[
https://issues.apache.org/jira/browse/OOZIE-102?page=com.atlassian.jira.plugin.system.issuetabpanels:comment-tabpanel&focusedCommentId=13101835#comment-13101835
]
Hadoop QA commented on OOZIE-102:
---------------------------------
anew remarked:
Although "normal" and "catchup" jobs are actually treated equally by Oozie, I
think there is a true difference in use cases:
- A catchup job is started to run/redo computations whose nominal time is often
far back in the past, and the input data is typically historical data and
already available at the creation time of the job. But most likely the catchup
also requires many more jobs to be run than for current computations.
- A current job has data dependencies on other jobs that have just finished or
are expected to finish very soon. If any of these jobs are late, then this job
has to wait. This is more likely to happen than in catchup mode.
Therefore, it is desirable to get expire a catchup job sooner than a current
job. On the other hand, for simplicity's sake, and because Oozie currently does
not have an explicit notion of "catchup", it is desirable to have the same
timeout for both types of jobs.
I do not have a strong preference, but a slight tendency towards keeping it
simple.

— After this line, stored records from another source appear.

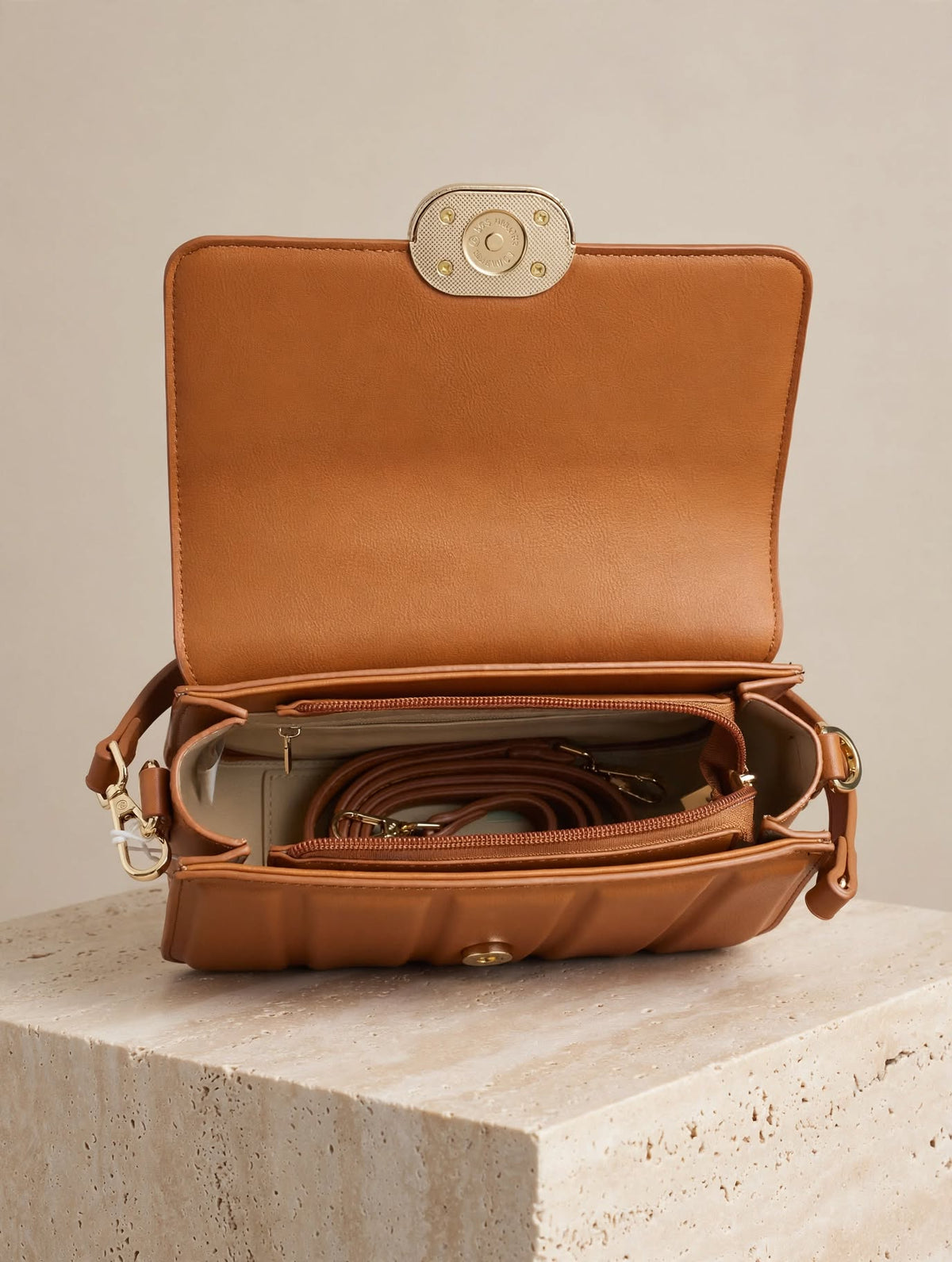 Geantă Crossbody Camel cu Detaliu Matlasat și Cataramă Aurie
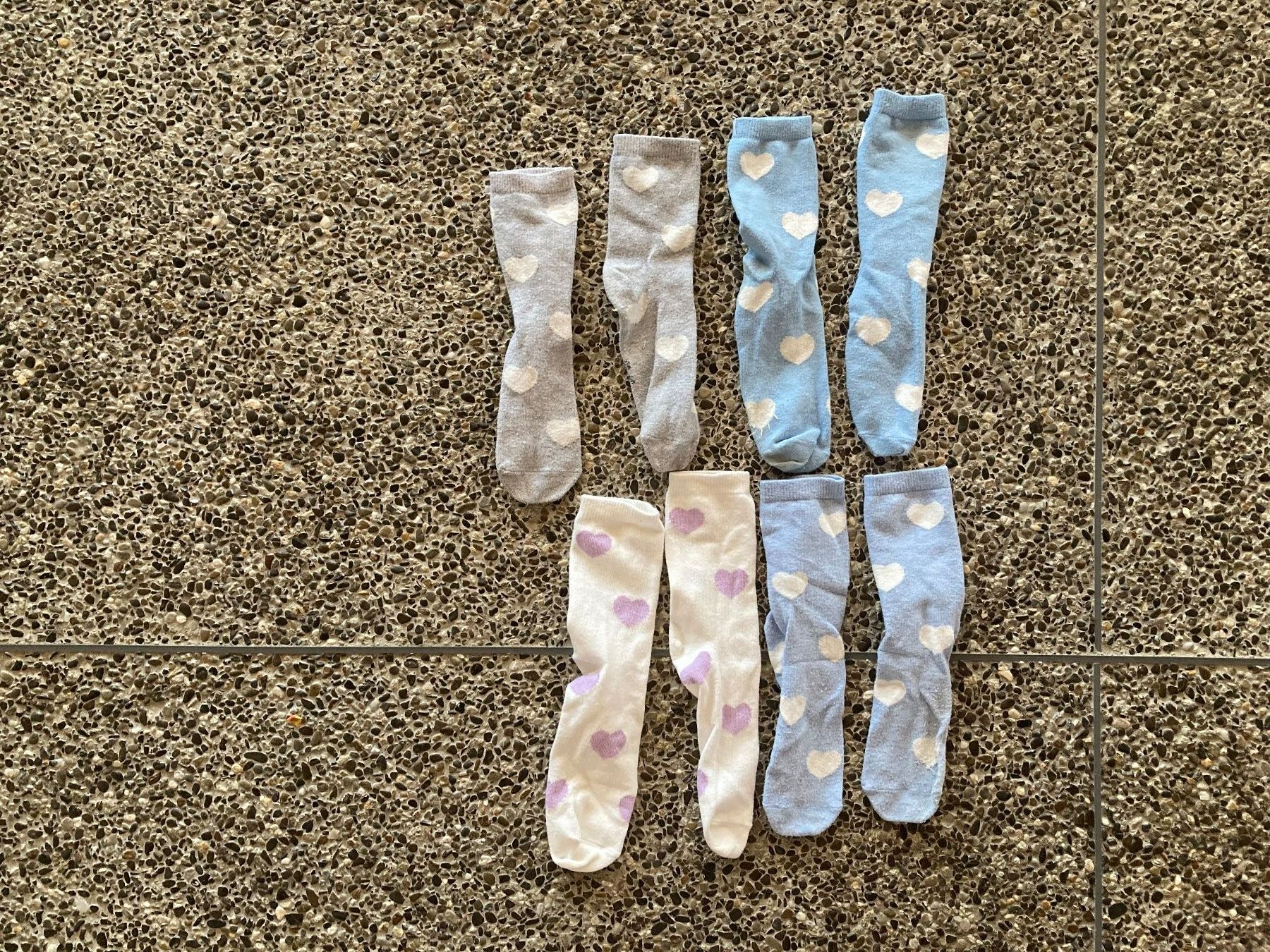 C&A Socken für Kinder: Socken Herz, Gr. 34-36 – Gebraucht aus Aetingen von Nadinsky 1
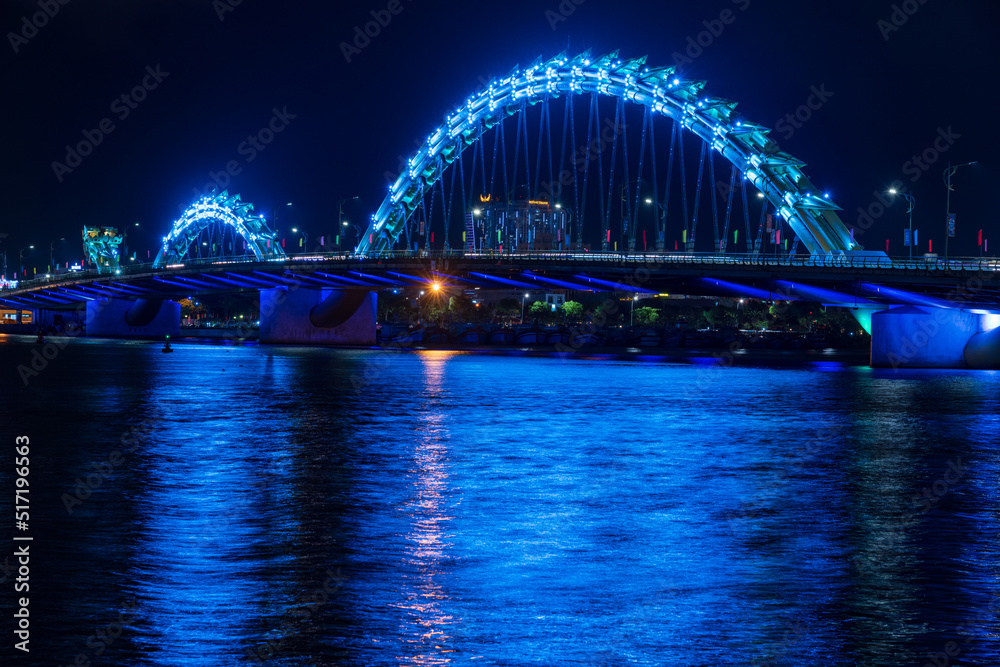 Fototapeta premium Night view of Dragon bridge, Da Nang, Vietnam.
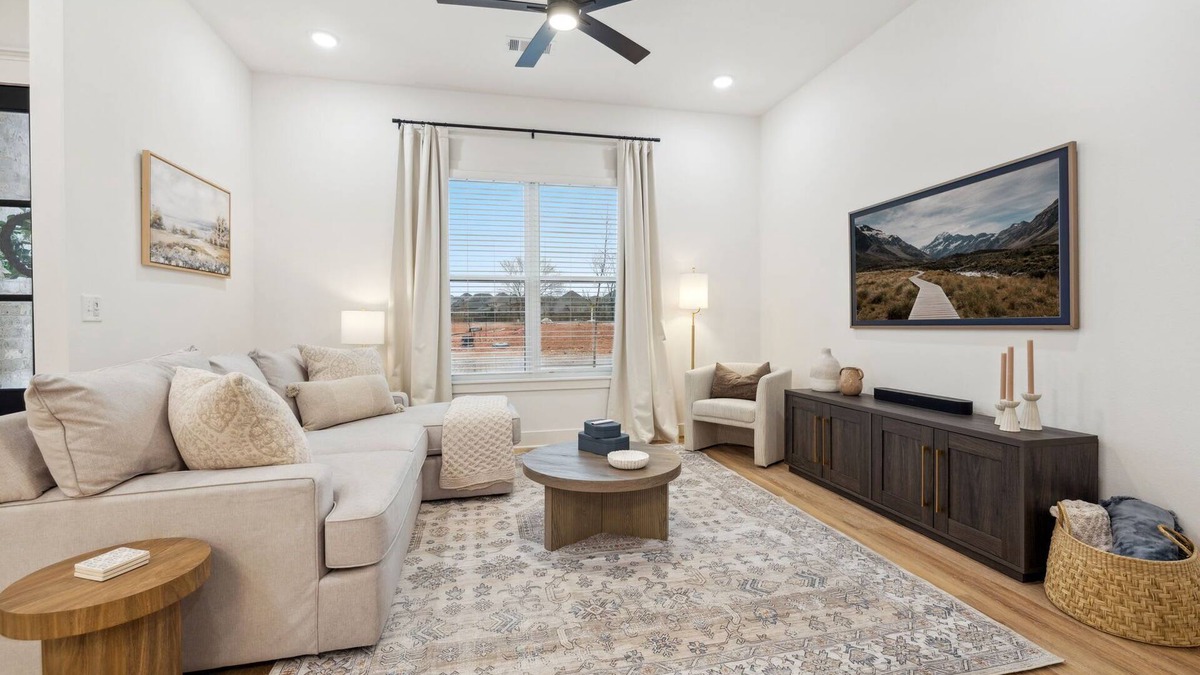 Rogers House | Pinnacle Row - 0.8mi to Promenade-2 Mi to The Amp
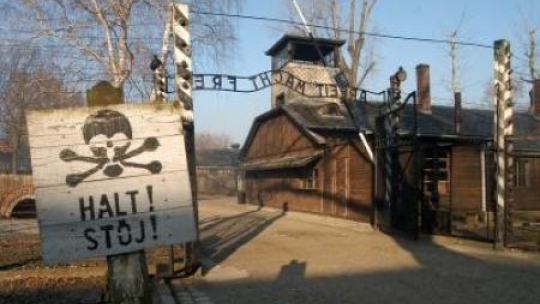 Były obóz zagłady KL Auschwitz. Na zdjęciu: brama wejściowa. Fot. PAP/ J. Bednarczyk
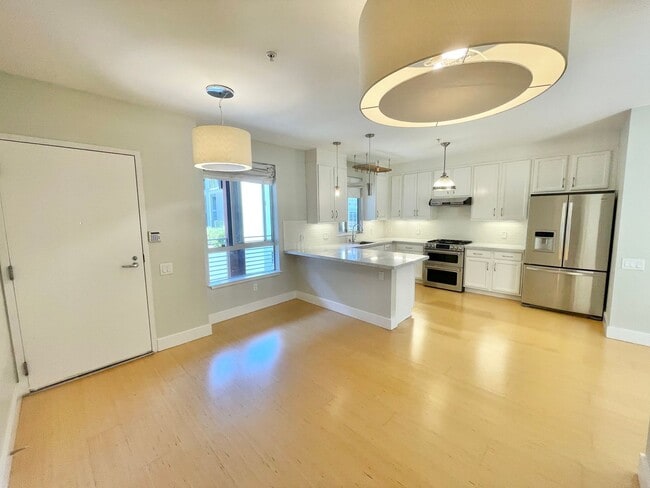 Photo - 638 19th St Unit 638 19th Street, #11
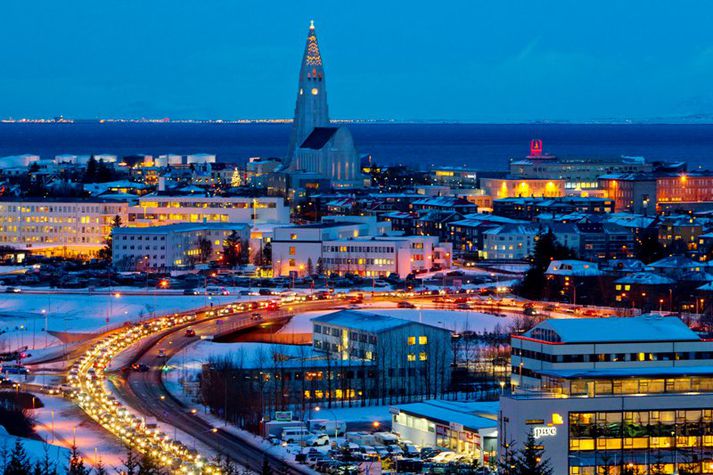 Jarðarstundin hefst klukkan hálf níu.
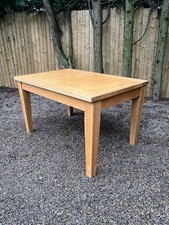 Barker & Stonehouse oak extending 6-8 seater country dining table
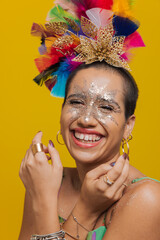 Mulher enfeitada e feliz no carnaval brasileiro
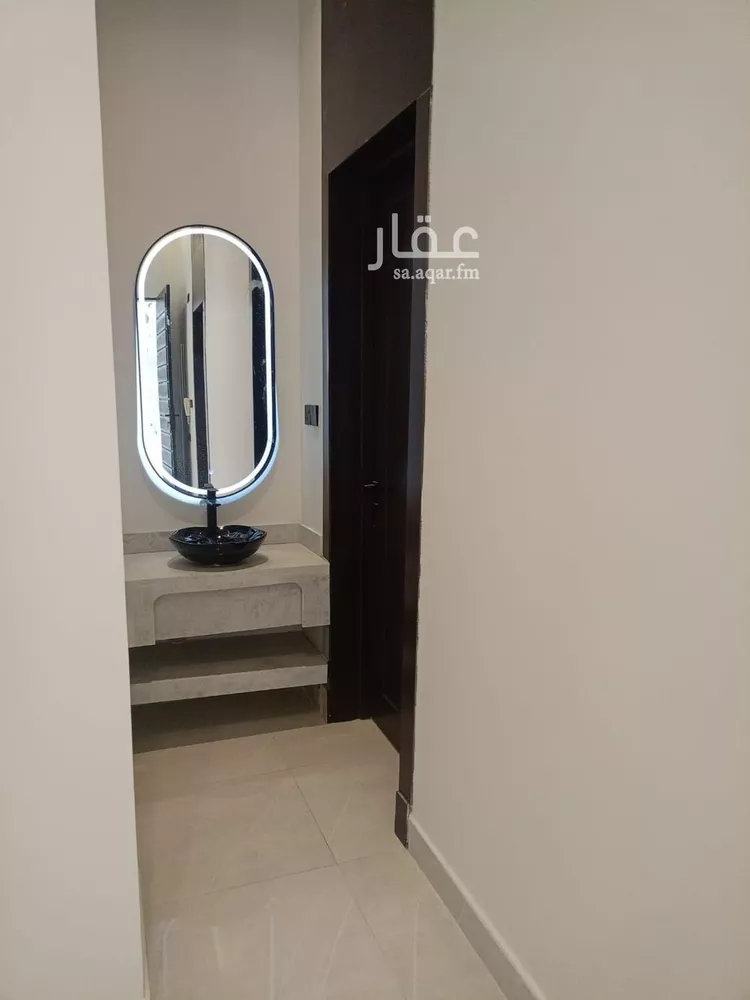 دور للبيع في شارع عثمان الرويني, حي البيان, مدينة الرياض, منطقة الرياض 18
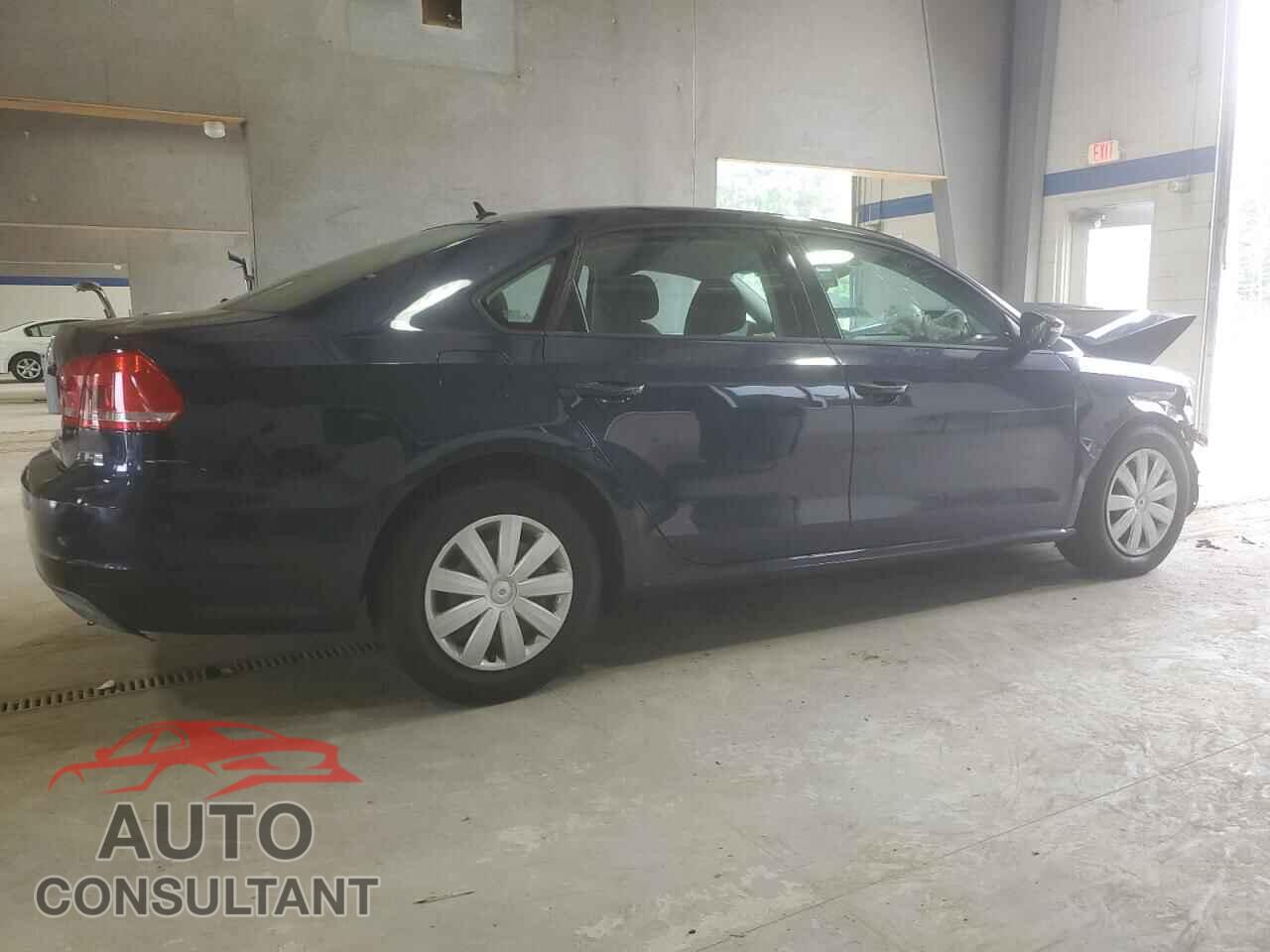 VOLKSWAGEN PASSAT 2012 - 1VWAP7A33CC019529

So for now, I vote for a single timeout which kicks in when max(Nominal
Time, Created Time) + timeout > Current Time.
> GH-67: input data check should have a timeout for catch-up mode too.
> ---------------------------------------------------------------------
>
> Key: OOZIE-102
> URL: https://issues.apache.org/jira/browse/OOZIE-102
> Project: Oozie
> Issue Type: Bug
> Reporter: Hadoop QA
>
> For normal,timeout when Nominal Time + timeout > current time
> For catchup,timeout when Created Time + timeout > current time
--
This message is automatically generated by JIRA.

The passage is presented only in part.